[BUG] Failure of one RemoteMCPServer to register prevents subsequent registrations

### 📋 Prerequisites

- [x] I have searched the [existing issues](./issues) to avoid creating a duplicate
- [x] By submitting this issue, you agree to follow our [Code of Conduct](https://github.com/kagent-dev/kagent/blob/main/CODE_OF_CONDUCT.md)
- [x] I am using the latest version of the software
- [x] I have tried to clear cache/cookies or used incognito mode (if ui-related)
- [x] I can consistently reproduce this issue

### 🎯 Affected Service(s)

Controller Service

### 🚦 Impact/Severity

Blocker

### 🐛 Bug Description

When a `RemoteMCPServer` resource fails to register — in this case, due to a suspected connection hang on an IPv6 address resolved from a dual-stack hostname in an IPv4-only cluster — the kagent controller enters a stuck state that prevents registration of any `RemoteMCPServer` resources applied after the failing one. The stuck state persists until the failing resource is deleted **and** the controller pod is restarted.

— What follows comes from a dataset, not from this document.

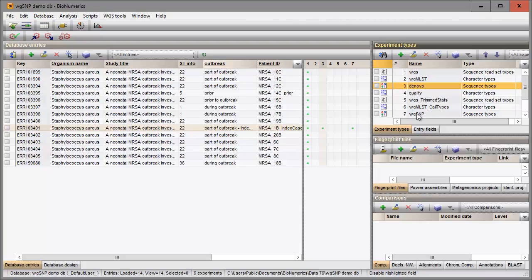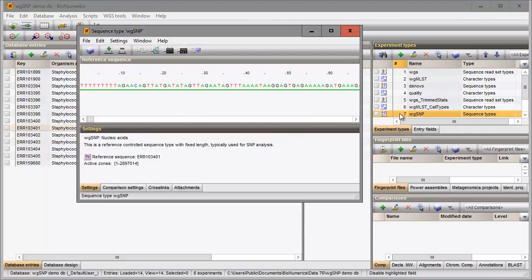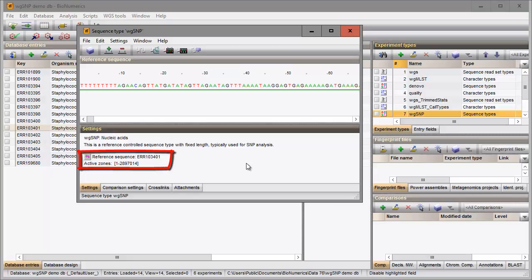I double-click on the whole genome SNP sequence type experiment to verify this. The reference sequence is indicated in the settings panel.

Deletion of the failing resource alone is insufficient to unblock subsequent registrations.

Two distinct issues are present:

1. **A connection hang on failed `RemoteMCPServer` registration blocks all subsequent `RemoteMCPServer` registrations** — the controller does not time out, isolate the failure, or continue processing other resources.
2. **No logging or status information is emitted for `RemoteMCPServer` registration attempts, successes, or failures**, even at `debug` log level, making it impossible to confirm the root cause or observe controller behavior during reconciliation.

### 🔄 Steps To Reproduce

1. Deploy kagent `0.9.0` on an IPv4-only Kubernetes cluster.

2. Apply a `RemoteMCPServer` whose hostname resolves to both IPv4 and IPv6 addresses. In an IPv4-only cluster, the controller is suspected to resolve the IPv6 (AAAA) address and hang on the connection attempt with no timeout.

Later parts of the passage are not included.